Roasting the Mosting: Austin’s Cuvée Coffee named among America’s best

Logan Dubel, Senior Life&Arts Reporter

When Mike McKim lost his telecommunications job in the early 2000s, he said he wanted to find a craft, not just a job. After visiting his coffee roasting uncle, he bought a roaster, and his imagination started brewing. 

“It’s like every craft brewery owner you’ve ever met,’” McKim said. “They start making beer in their garage and give it to friends and family, who tell them it’s delicious. Then, one day, you’re like, ‘Maybe I’ll open a brewery.’ I was super into the craft of roasting, and there wasn’t a lot of science known at the time. I was at the forefront.”

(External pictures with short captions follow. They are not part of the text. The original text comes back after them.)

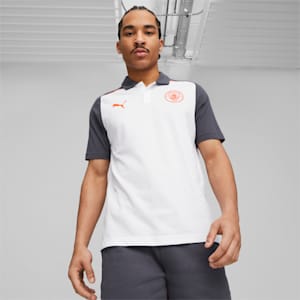 MCFC Casuals Men's Polo T-shirt, PUMA White-Strong Gray, extralarge-IND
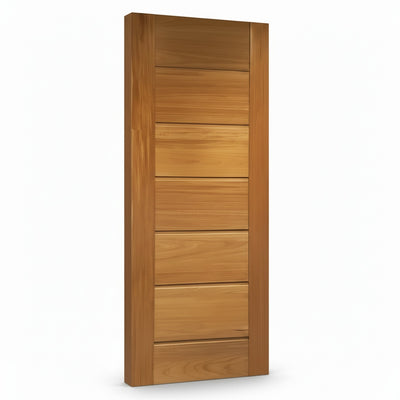 Porta Externa de Madeira Pau Brasil Tauari | Ref 32 | 7 Faixas | Natural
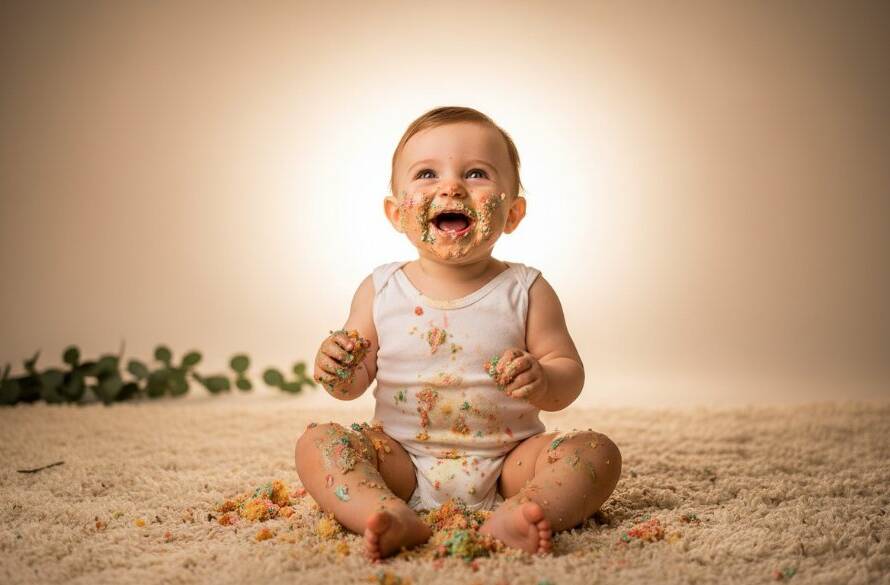 An adorable baby in Croydon South, Victoria, enjoying a Cake Smash Photography Epic First Birthday, covered in cake, laughing joyfully amidst a dreamy, professional studio setup with soft backlighting.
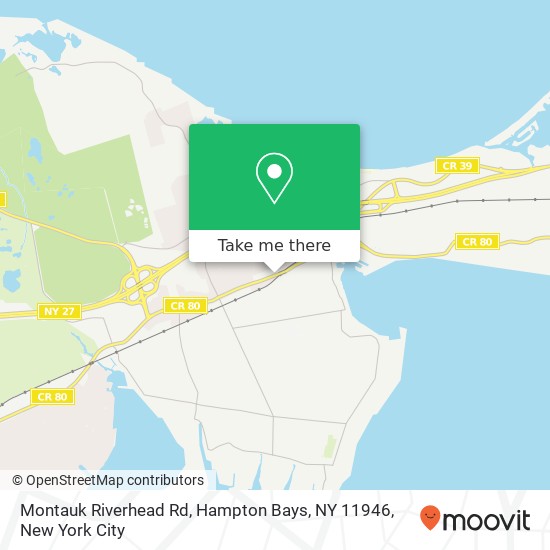 Montauk Riverhead Rd, Hampton Bays, NY 11946 map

Sixteen years after falling in love with roasting, McKim opened Cuvée Coffee on East 6th Street in 2014, featuring a bar pouring coffee from beer taps and airy blue walls designed with guitars and cacti. Earlier this month, Trips to Discover named Cuvée one of the top 25 coffee shops in the country. The business — which put specialty, custom-roasted coffee on the map in Texas — currently boasts two coffee bars, an expanding brewery and an online store. 


Years before opening his café, McKim sold espresso machines and roasted coffee in a warehouse on weekends after discovering his passion. Cuvée slowly started appearing in independent shops and on shelves at H-E-B. 

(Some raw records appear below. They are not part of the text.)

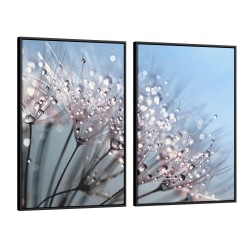 Quadro decorativo dente de leão com orvalho sobre fundo azul - com 2 quadros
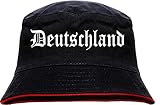 Deutschland Fischerhut - Altdeutsch - Bedruckt - Bucket Hat Anglerhut Hut S/M SchwarzR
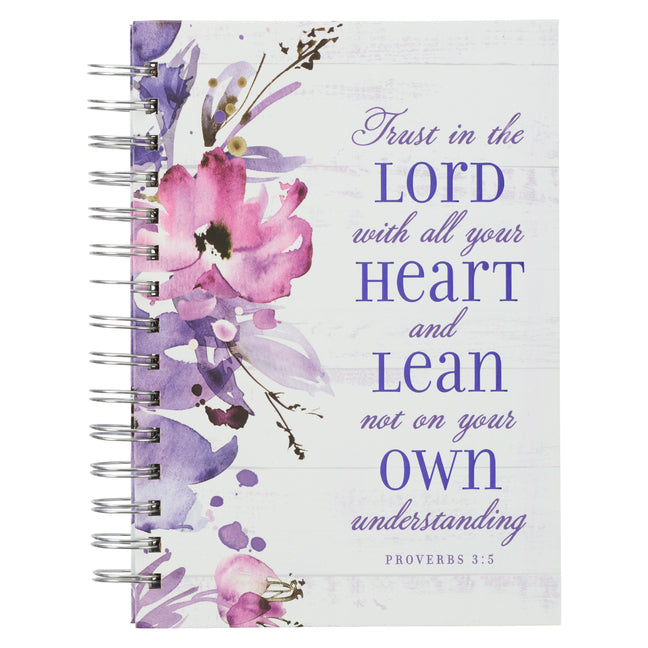 Christian Art Gifts Journal W/Scripture for Women Trust in the Lord Proverbs 3:5 Bible Verse Purple Floral Watercolor 192 Ruled Pages, Large Hardcover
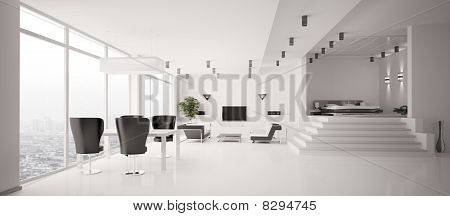 Appartement blanc intérieur Panorama 3D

The company hit its stride in 2011, inventing specialty coffee staples, such as the nitro cold brew, brewing coffee like canned beer and popularizing cold coffee. Their signature foam’s creamy texture commonly appears in Starbucks drinks today. When making its nitrogenated cans, Cuvée adds widgets — devices also used by Guinness beer — to imitate a fresh taste. 

McKim’s son, Cole, grew up around Cuvée, and now at 21, manages the brewery. Even as a child, he said he felt pride in the brand.

“The coolest part was walking through the grocery store, seeing the product on the shelf and people buying it; I just wanted to go up to them and say, ‘I made that,’” Cole said. “It’s craftsmanship, and people use coffee to get up in the morning, so I feel like I’m helping the world.”

Although Cuvée pioneered specialty coffee, Mike McKim said he prioritizes accessibility from the roastery to the register. 

“Specialty coffee can be intimidating and elitist,” McKim said. “One of the speeches I give to our new staff is that as a barista, this is not your platform to amaze people with your knowledge but to serve them exactly what they want. If they have questions, make them feel comfortable if they don’t know what to order.” 

Gabriel Farrow, who graduated from UT in 2021, frequently shares food reviews on TikTok and said he found Cuvée while searching for a new coffee adventure. 

“It’s a quintessentially awesome vibe… You get attached,” Farrow said. “It encapsulates Austin, Texas. The baristas are super friendly and open-minded, and it’s a welcoming experience from the get-go … They are on national lists because their coffee is damn good.” 

McKim recently opened another shop, C Bar, which offers coffee cocktails along 48 East Ave. Even as the company grows, McKim said seeing his brand recognized feels humbling.

“We’re on a list like this because we’ve been doing this a long time,” McKim said. “My frontline staff feels pride when they see something like this. Being first to market (specialty coffee), as sexy as that sounds, was difficult. There’s the saying that pioneers get all the arrows and settlers get all the land, and we’ve always been pioneers.”